[Supplied entries]
BEGIN
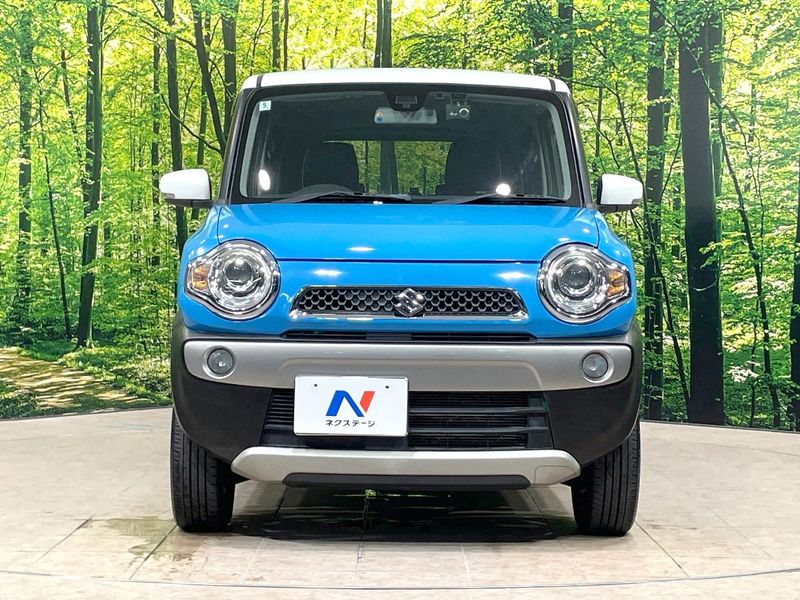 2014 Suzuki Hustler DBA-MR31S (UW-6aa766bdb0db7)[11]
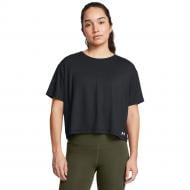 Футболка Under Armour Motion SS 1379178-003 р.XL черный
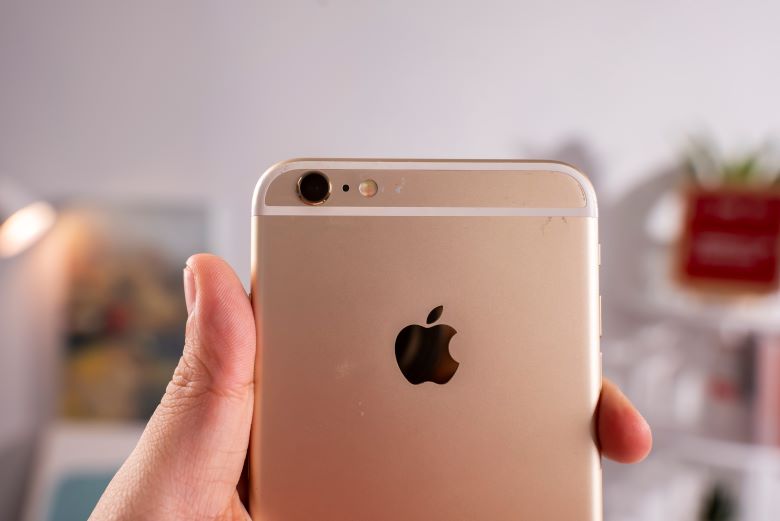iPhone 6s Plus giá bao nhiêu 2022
END
BEGIN
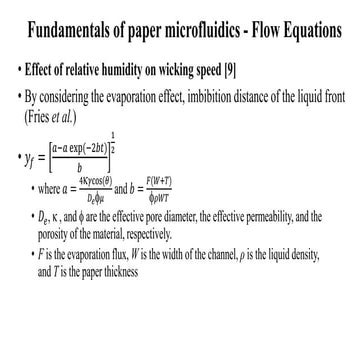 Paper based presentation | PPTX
END
Using the data above, copy exactly the lines from the one containing "Футболка Under Armour" to the one containing "iPhone 6s Plus giá bao nhiêu 2022", inclusive. Exclude the pictures.

 Футболка Under Armour Motion SS 1379178-003 р.XL черный
iPhone 6s Plus giá bao nhiêu 2022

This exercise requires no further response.